**WORK REQUIRED**.
Each entry below is to be transcribed exactly; pictures are not copied.

▼

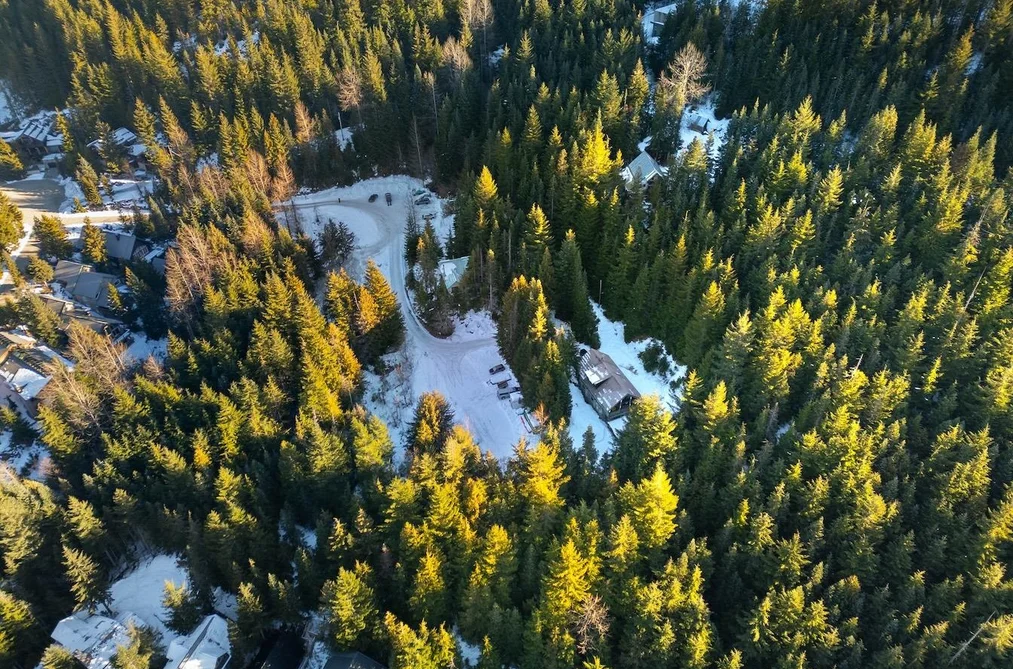 2501 GONDOLA WAY, Whistler BC V8E 0B4, Whistler BC — Land for Sale - Photo 4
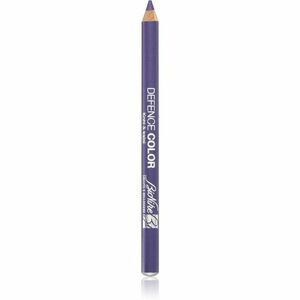 BioNike Color Kohl & Kajal kajalová ceruzka na oči odtieň 109 Violet vyobraziť
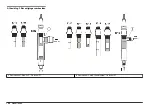 Предварительный просмотр 156 страницы Hach Polymetron Series User Manual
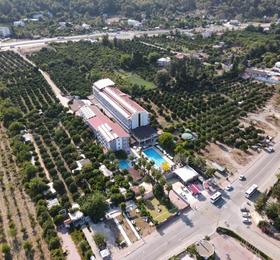 Туры в Grand Hotel Derin в Турции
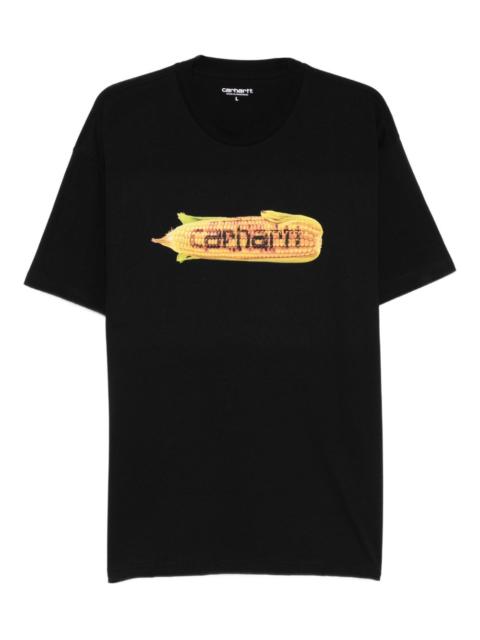 Carhartt graphic T-shirt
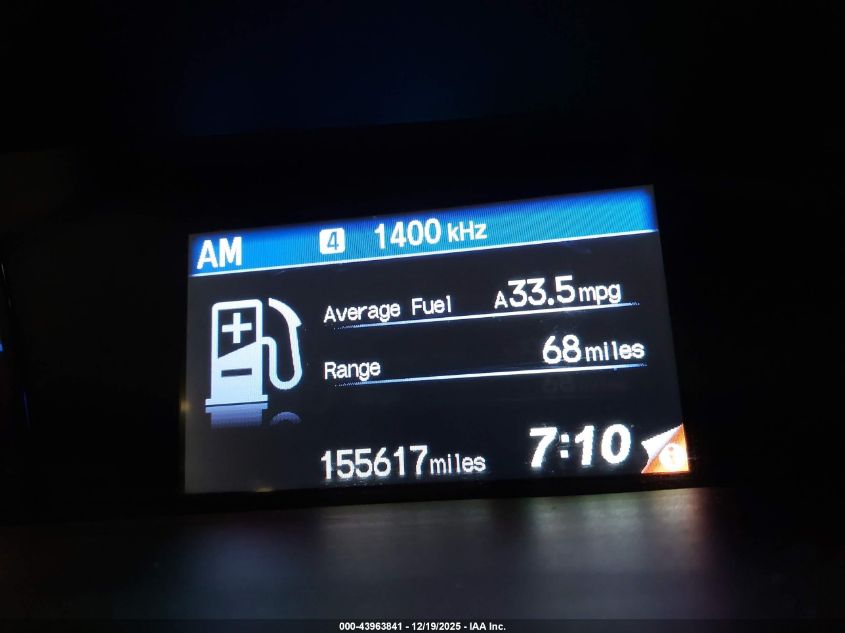 2012 Honda Civic Lx VIN: 19XFB2F54CE312949 Lot: 43963841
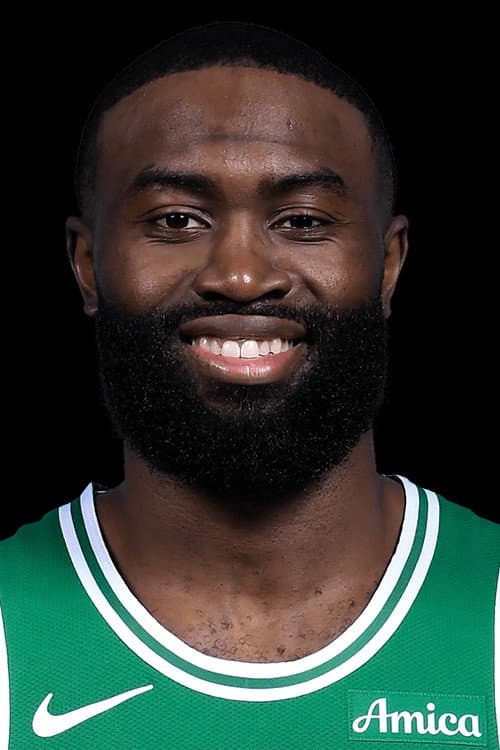 Jaylen Brown foto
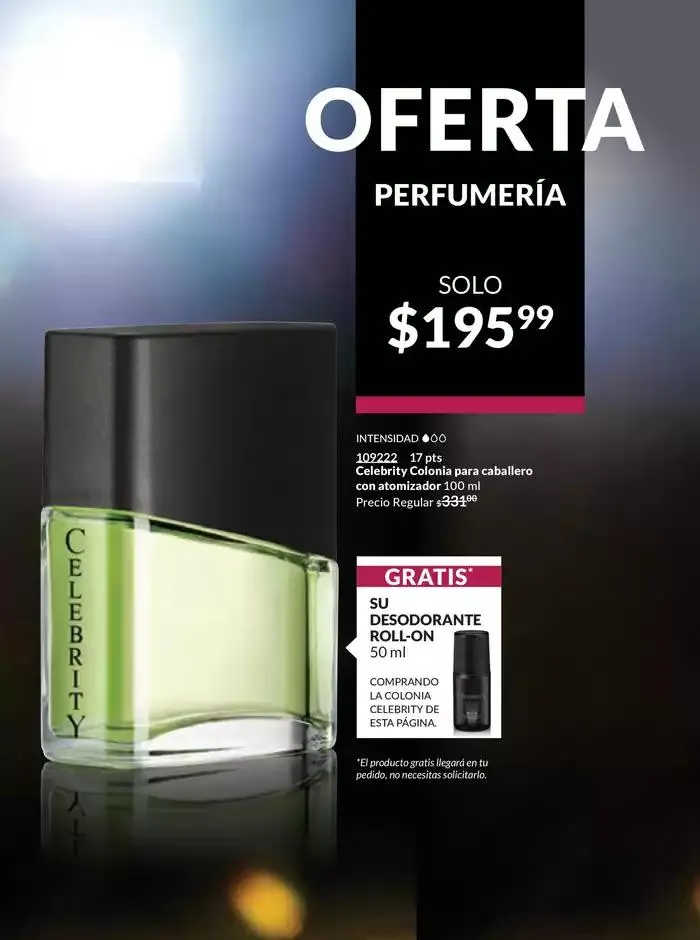 Catálogo de Avon COSMÉTICOS C7 17 de marzo al 7 de julio 2025 - Pagina 102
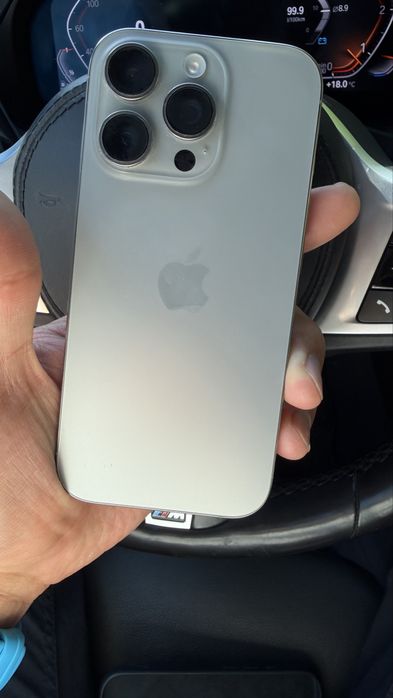 Iphone 16pro 128gb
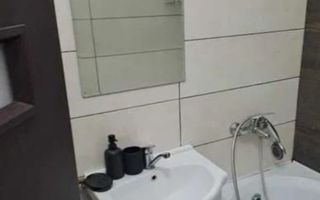 Persoana fizica garsoniera Metalurgie / Tatarasi Sud camera de cămin - Poză 4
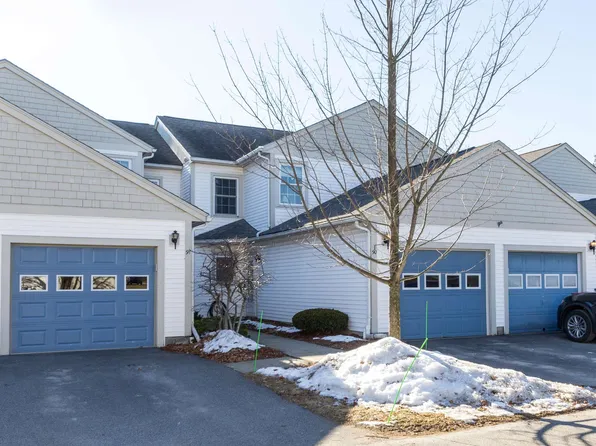 90 Saybrook Road #90, Essex, VT 05452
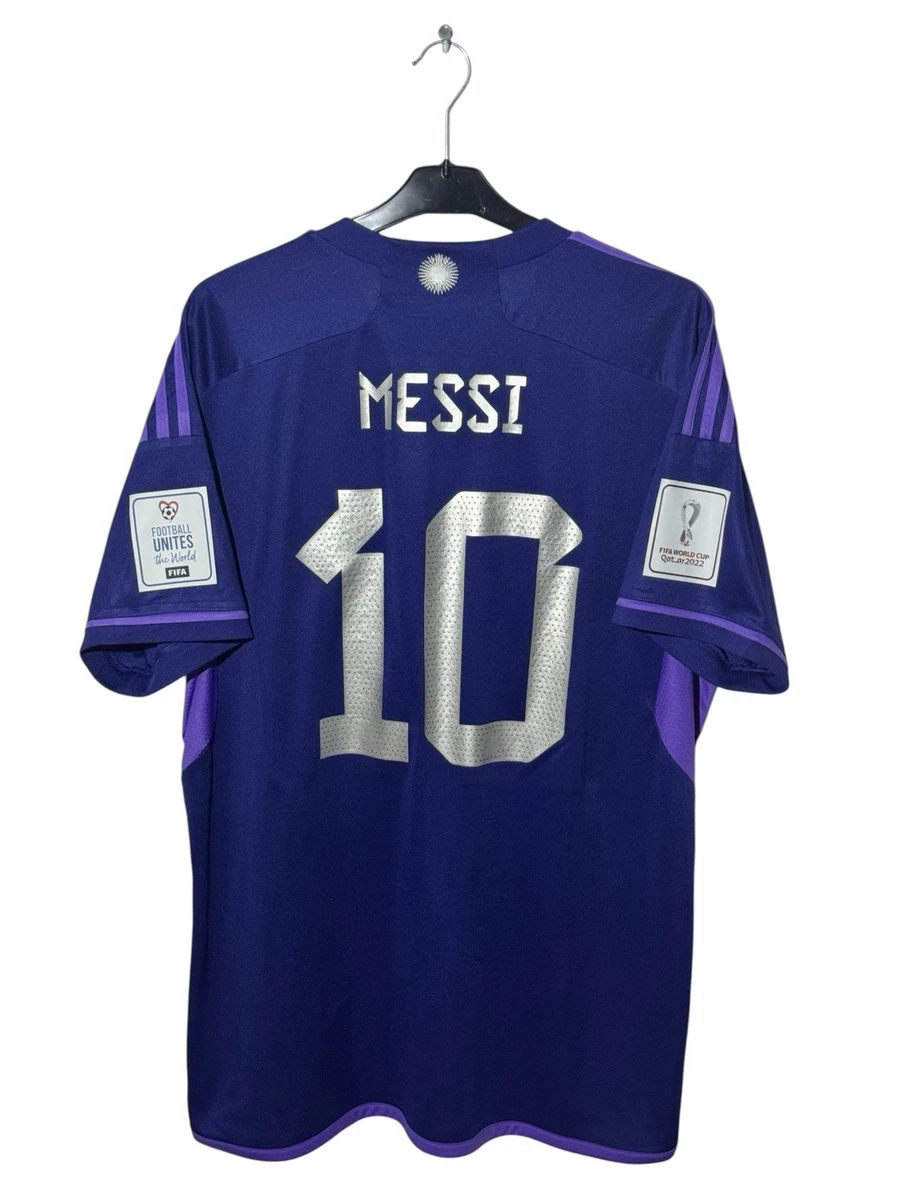 Maillots de football des sélections nationales taille XXL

▲

**ANSWER BOX**.
 2501 GONDOLA WAY, Whistler BC V8E 0B4, Whistler BC — Land for Sale - Photo 4
 BioNike Color Kohl & Kajal kajalová ceruzka na oči odtieň 109 Violet vyobraziť
 Предварительный просмотр 156 страницы Hach Polymetron Series User Manual
 Туры в Grand Hotel Derin в Турции
 Carhartt graphic T-shirt
 2012 Honda Civic Lx VIN: 19XFB2F54CE312949 Lot: 43963841
 Jaylen Brown foto
 Catálogo de Avon COSMÉTICOS C7 17 de marzo al 7 de julio 2025 - Pagina 102
 Iphone 16pro 128gb
 Persoana fizica garsoniera Metalurgie / Tatarasi Sud camera de cămin - Poză 4
 90 Saybrook Road #90, Essex, VT 05452
 Maillots de football des sélections nationales taille XXL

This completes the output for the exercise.